In data mining applications, usually only a small fraction of the large number of predictor variables that have been included in the analysis are actually relevant to prediction. Also, unlike many applications such as pattern recognition, there is seldom reliable domain knowledge to help create especially relevant features and/or filter out the irrelevant ones, the inclusion of which dramatically degrades the performance of many methods.

In addition, data mining applications generally require interpretable models. It is not enough to simply produce predictions. It is also desirable to have information providing qualitative understanding of the relationship between joint values of the input variables and the resulting predicted response value. Thus, black box methods such as neural networks, which can be quite useful in purely predictive settings such as pattern recognition, are far less useful for data mining.

These requirements of speed, interpretability and the messy nature of the data sharply limit the usefulness of most learning procedures as off- the-shelf methods for data mining. An “off-the-shelf” method is one that can be directly applied to the data without requiring a great deal of time- consuming data preprocessing or careful tuning of the learning procedure.

Of all the well-known learning methods, decision trees come closest to meeting the requirements for serving as an off-the-shelf procedure for data mining. They are relatively fast to construct and they produce interpretable models (if the trees are small). As discussed in Section 9.2, they naturally incorporate mixtures of numeric and categorical predictor variables and missing values. They are invariant under (strictly monotone) transformations of the individual predictors. As a result, scaling and/or more general transformations are not an issue, and they are immune to the effects of predictor outliers. They perform internal feature selection as an integral part of the procedure. They are thereby resistant, if not completely immune, to the inclusion of many irrelevant predictor variables. These properties of decision trees are largely the reason that they have emerged as the most popular learning method for data mining.

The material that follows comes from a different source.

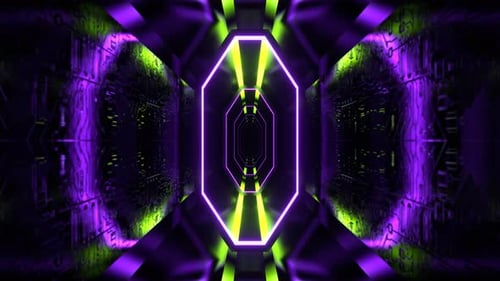 Light Green And Purple Sci Fi Cybernetic Strobe Tunnel Background Vj Loop I 4K
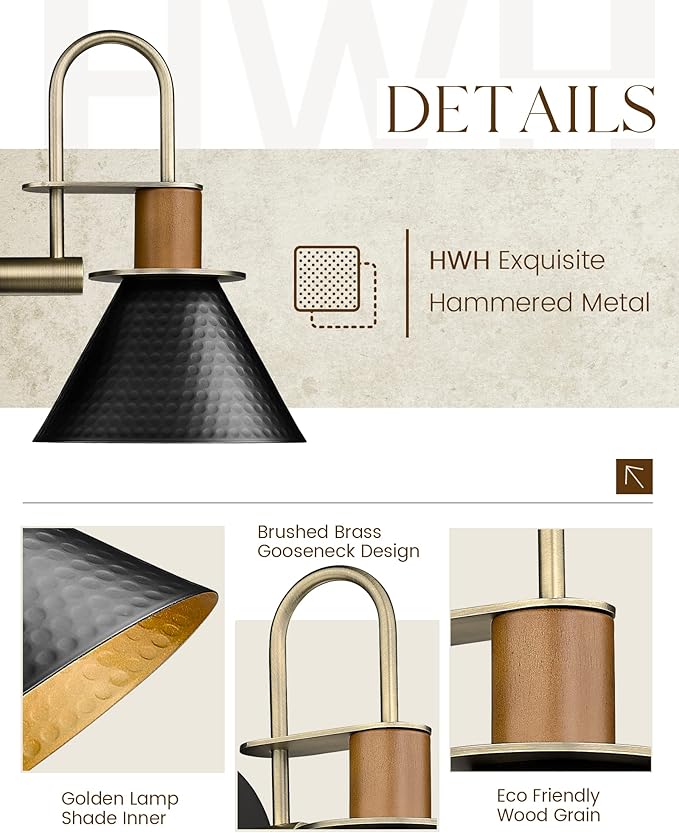 Modern Wall Sconces Set of Two, HWH Industrial Sconce Wall Lighting 1-Light, Gooseneck Barn Wall Vanity Light for Bedroom Kitchen, Hammered Metal Shade, Black and Gold Finish, 5HZG74B-2L BK+BG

Trees have one aspect that prevents them from being the ideal tool for predictive learning, namely inaccuracy. They seldom provide predictive accuracy comparable to the best that can be achieved with the data at hand. As seen in Section 10.1, boosting decision trees improves their accuracy, often dramatically. At the same time it maintains most of their desirable properties for data mining. Some advantages of trees that are sacrificed by boosting are speed, interpretability, and, for AdaBoost, robustness against overlapping class distributions and especially mislabeling of the training data. A gradient boosted model (GBM) is a generalization of tree boosting that attempts to mitigate these problems, so as to produce an accurate and effective off-the-shelf procedure for data mining."

Sorry, long quote, but I think it explains their rationale/excuse for only addressing trees. They go on to derive a Boosting algorithm that uses trees, explain what parameters they have to find to make it work, define steepest descent in the context of what I have seen elsewhere called the "function space" (f = {f(x₁), f(x₂), ... f(x_N)}), explain how constraining their next classifier in the ensemble to a tree that has similar outputs to the steepest descent "direction" generalizes better than just adding the steepest descent function directly (Some kind of regularization going on?), and then define an algorithm.

But they neglect to address the fact that we often do want to use Boosting in the context of pure prediction. And it's great we see such an amazing performance improvement when GradientBoosting with trees, but what about the other weak learners we are used to Boosting being able to handle?

There is no principled reason decision trees could not be replaced with some other low-bias, high-variance learner like small neural nets. It would definitely change steps 2.b. and 2.c. of their algorithm 10.3. It might also change the initialization at step 1. But it could be done! I am not sure there are any common or popular algorithms in the literature, though. When I looked for them I came across your question instead. It may be that trees are easier to train and have a provably low risk as an ensemble such that no one expects anything else to be able to do better?